When I was in school, we did an experiment with milk and food colouring that was really cool. I couldn’t remember exactly what went into the milk, so I had a look about the internet, and found the experiment I was thinking of over at DLTK’s Crafts for Kids, and they even had a video showing how it’s done!
Food colouring and milk in the tin.
This experiment is really easy, yet so amazing! We placed a shallow layer of milk into a cake tin. We only had light milk, so that’s what we used, and it worked just fine. A used a pipette to place some red, yellow and blue food colouring at roughly evenly spaced intervals around the edge of the tin. Once the food colouring was in, I placed a squirt of dish washing liquid into the centre of the tin, and we watched eagerly to see what would happen.
A few moments after the dish washing liquid was added.

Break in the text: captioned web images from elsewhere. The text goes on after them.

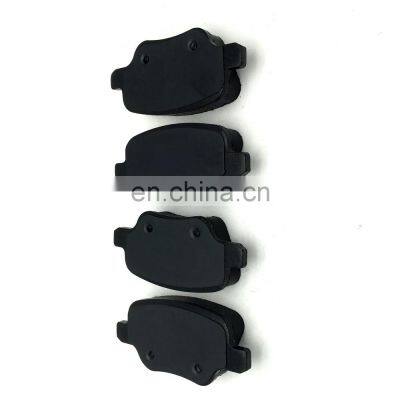 Guangzhou manufacture Brake pad  for GA5 GS5 car Auto disc Rear Brake Pad  Set  3520003BAC  Brake pad  spreader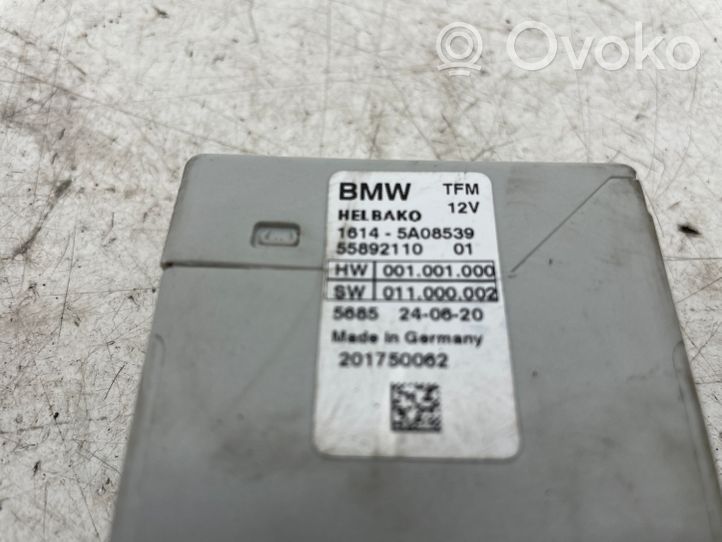 BMW 3 G20 G21 Inne komputery / moduły / sterowniki 5A08539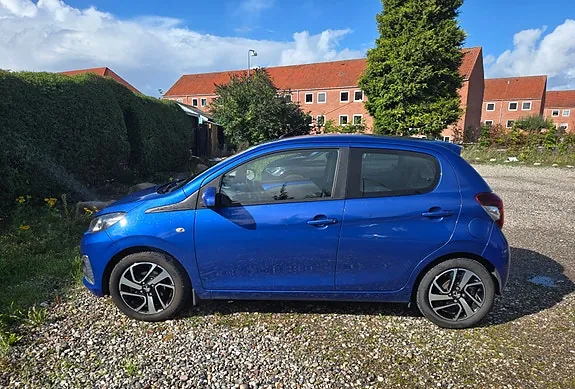 Peugeot 108 2019 photo 4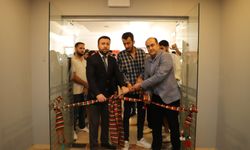 Alanya’da Gezici Çanakkale Müzesi açıldı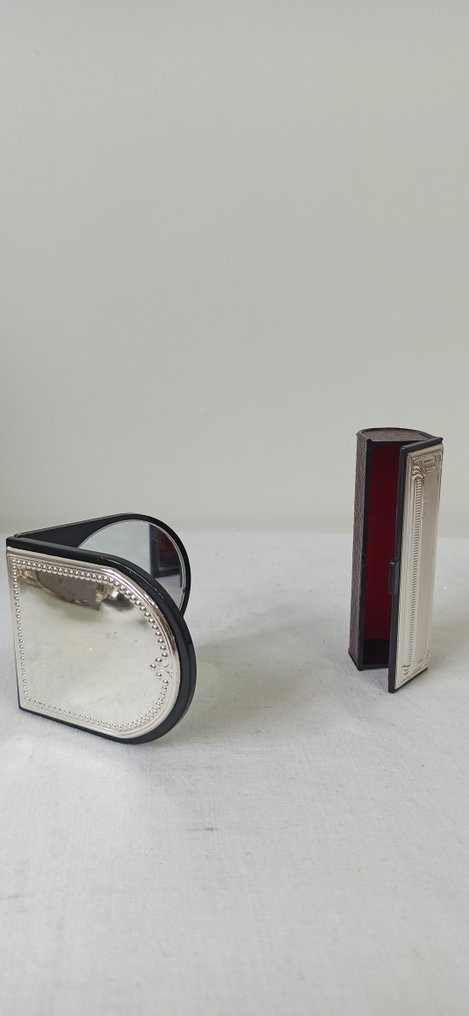 Zestaw akcesoriów kosmetycznych (2) - argento 925 - Srebro pr. 925 #3.2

The dish washing liquid doesn’t mix with the milk, so it spreads out across the surface of the milk. The food colouring gets caught in the movement of the dishwashing liquid, and causes the colours to move and mix. We got a rainbow! The reaction can continue for a while, making new colours and awesome patterns. There’s no need to mix or move it for the colour mixing to continue. After about ten minutes, A wobbled the tin a little to see what would happen. It made the colours mix even more.
After a few minutes.
After about 10 minutes.
A thought this experiment was so incredible, she asked to repeat it once L and Big L were home. L put a lot of dish washing liquid into the milk, and the reaction happened much more quickly than our earlier attempt. As the colours mixed, Baby T was completely mesmerised by the movement of the colours. This time, after the colour mixing had begun, we let the kids have a toothpick to drag through the colours to make even more interesting patterns. They enjoyed doing this, and kept doing it until the colours had mixed so much it was a murky brown colour. Science is pretty cool 🙂
A few minutes into the second experiment. The spot in the middle is the dish washing liquid.
Using a toothpick to make new patterns.